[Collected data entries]
+ + + + +

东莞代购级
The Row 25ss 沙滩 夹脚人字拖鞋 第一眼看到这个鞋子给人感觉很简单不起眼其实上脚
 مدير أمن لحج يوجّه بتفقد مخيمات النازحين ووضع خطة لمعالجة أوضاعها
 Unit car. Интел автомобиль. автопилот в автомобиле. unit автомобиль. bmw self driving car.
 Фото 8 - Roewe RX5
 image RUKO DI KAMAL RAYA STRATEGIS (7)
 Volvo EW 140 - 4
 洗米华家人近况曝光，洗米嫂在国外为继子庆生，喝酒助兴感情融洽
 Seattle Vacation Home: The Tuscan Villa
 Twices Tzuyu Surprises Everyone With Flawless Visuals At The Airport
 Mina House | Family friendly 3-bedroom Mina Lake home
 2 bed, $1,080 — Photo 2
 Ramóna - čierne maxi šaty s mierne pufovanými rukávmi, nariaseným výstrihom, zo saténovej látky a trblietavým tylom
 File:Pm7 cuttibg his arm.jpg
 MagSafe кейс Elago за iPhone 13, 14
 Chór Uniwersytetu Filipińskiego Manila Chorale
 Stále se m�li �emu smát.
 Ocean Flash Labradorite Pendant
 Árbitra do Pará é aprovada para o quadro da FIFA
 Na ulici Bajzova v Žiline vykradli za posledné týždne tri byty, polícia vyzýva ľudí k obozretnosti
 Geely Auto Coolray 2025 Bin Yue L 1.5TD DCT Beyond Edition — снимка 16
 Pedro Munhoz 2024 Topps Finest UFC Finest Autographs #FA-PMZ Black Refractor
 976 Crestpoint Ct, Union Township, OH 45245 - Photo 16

+ + + + +

Please state the number of lines in the data above that hold the word "Photo", without any other text.

- _Exercise solution_
2